When I graduated from five months of treatment in 1998 at Hazelden Foundation in Minnesota, I felt great, but my relationships were hanging on by a very thin thread. I was still dominated with fear, shame, guilt and remorse for what I had done with half of my life. I went to a half-way house for another four months because I needed more time to heal. I had gone so far down the scale of addiction, that I needed every day of the nine months that I spent in treatment.
My confidence that I could get sober and stay sober had been shattered. I was being constantly bombarded by whispers in my ear from the devil, such as: “You do not deserve to be sober, you will always be a loser and soon you will be using drugs and alcohol again. You have been to 13 treatment centers, so what makes you think that you can ever get sober? Why don’t you go get high, so you don’t have to deal with the pain and the work of getting sober?
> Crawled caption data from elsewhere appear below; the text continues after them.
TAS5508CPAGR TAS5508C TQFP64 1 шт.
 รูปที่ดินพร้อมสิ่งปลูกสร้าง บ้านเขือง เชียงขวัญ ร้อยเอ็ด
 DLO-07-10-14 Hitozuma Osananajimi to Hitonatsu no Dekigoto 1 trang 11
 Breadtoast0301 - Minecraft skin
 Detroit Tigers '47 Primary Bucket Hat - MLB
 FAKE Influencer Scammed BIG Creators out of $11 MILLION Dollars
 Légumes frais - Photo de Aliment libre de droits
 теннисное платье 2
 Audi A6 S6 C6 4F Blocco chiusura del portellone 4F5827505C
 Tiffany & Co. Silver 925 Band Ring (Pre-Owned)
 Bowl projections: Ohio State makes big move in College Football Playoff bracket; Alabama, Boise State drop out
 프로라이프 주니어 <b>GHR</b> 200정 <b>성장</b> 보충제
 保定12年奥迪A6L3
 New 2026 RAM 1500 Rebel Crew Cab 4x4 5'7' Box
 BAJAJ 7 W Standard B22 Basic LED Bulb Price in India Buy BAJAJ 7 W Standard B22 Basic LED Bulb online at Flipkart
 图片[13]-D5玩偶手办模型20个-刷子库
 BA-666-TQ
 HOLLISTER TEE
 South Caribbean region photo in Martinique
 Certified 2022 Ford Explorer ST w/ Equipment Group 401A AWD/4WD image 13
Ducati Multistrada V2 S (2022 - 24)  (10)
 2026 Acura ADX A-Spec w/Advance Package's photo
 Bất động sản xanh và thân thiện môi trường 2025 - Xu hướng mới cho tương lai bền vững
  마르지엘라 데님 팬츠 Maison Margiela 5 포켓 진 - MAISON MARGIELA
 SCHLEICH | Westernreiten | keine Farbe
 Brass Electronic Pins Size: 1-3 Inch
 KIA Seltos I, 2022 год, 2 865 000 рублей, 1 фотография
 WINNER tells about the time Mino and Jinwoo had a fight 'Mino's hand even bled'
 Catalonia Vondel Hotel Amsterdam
You know that all of this pain will be gone as soon as you get high, so what are you waiting for?”
In early sobriety, temptations like this filled my mind every day and every night. I was staying sober an hour at a time. Remember, addiction is characterized by three vicious weapons—the mental obsession to use chemicals, the physical craving to get high, and powerful denial. I was not free of these three demons until I was sober for about one year. Today, Jesus has blessed me with 18 years of contented sobriety, and I want to encourage and help others to enjoy this new life. When I first got sober, I depended on 12 step meetings, my sponsor and new sober friends, to keep me sober and alive. Fellowship, meetings and working the steps with a sponsor saved my life.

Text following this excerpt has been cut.